Major Second Amendment decision
Steven M. Warshawsky
The United States Court of Appeals for the District of Columbia Circuit (commonly referred to as the "D.C. Circuit") today (Friday, March 9) issued a very important Second Amendment decision broadly upholding the right of individuals to possess and use firearms, in particular handguns, for self-defense in the home.

The case involved a challenge, brought by six residents of the District of Columbia, to the District's handgun laws. These laws largely ban the private ownership of handguns in D.C. Even where such ownership is permitted (e.g., by retired D.C. police officers), the laws impose onerous restrictions on the use of such handguns, including a requirement that all firearms be kept unloaded and unassembled or bound by a trigger lock or similar device. (See Decision at 4.) The plaintiffs wanted to possess "functional firearms" in their homes for purposes of self-defense. The D.C. guns laws, obviously, frustrated these perfectly reasonable aims.

The case was heard by a three-judge panel, composed of Laurence Silberman (appointed by President Reagan in 1985), Thomas Griffith (appointed by President George W. Bush in 2005), and Karen LeCraft Henderson (appointed by President George H.W. Bush in 1990).

Judge Silberman and Judge Griffith concluded (in an opinion written by Judge Silberman, in classic originalist style) that the Second Amendment protects an individual right to "keep and bear arms" (as opposed to merely a collective right related to the maintenance of state militias); that handguns are among the types of "arms" protected by the Second Amendment; and that the District's handgun laws violate the Second Amendment insofar as they prohibit an individual from owning and using a handgun for self-defense in the home. Judge Henderson dissented from the decision.

This is only the second time a federal appellate court has decided that the Second Amendment protects an individual right to possess firearms. The Fifth Circuit also has reached this result.

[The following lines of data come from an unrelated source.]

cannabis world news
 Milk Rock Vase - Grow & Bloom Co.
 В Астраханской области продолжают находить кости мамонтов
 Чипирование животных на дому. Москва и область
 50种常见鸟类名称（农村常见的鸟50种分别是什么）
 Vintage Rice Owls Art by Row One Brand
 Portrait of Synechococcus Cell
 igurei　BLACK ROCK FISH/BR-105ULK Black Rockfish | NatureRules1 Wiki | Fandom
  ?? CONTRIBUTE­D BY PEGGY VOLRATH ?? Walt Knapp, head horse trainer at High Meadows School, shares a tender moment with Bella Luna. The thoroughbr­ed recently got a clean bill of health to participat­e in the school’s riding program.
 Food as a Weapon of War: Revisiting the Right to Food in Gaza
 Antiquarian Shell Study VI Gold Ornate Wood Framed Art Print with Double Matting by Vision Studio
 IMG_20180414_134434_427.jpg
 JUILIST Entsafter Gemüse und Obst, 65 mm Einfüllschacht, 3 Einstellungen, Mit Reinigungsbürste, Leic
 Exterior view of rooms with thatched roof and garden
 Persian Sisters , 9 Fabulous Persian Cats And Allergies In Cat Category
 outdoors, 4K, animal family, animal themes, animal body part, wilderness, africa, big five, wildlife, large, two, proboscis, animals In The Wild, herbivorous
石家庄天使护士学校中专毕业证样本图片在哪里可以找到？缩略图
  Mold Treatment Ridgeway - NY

In contrast, the First, Third, Fourth, Sixth, Seventh, Eighth, Ninth, Tenth, and Eleventh Circuits all have concluded that the Second Amendment only protects a collective right. (See Decision at 16.) The Second Circuit (which covers New York, Connecticut, and Vermont) still has not addressed the issue. As a resident of New York City, I would love to see the Second Circuit follow the D.C Circuit's lead and declare the NYC gun laws unconstitutional. Unfortunately, the Second Circuit is very liberal, so this is extremely unlikely to happen.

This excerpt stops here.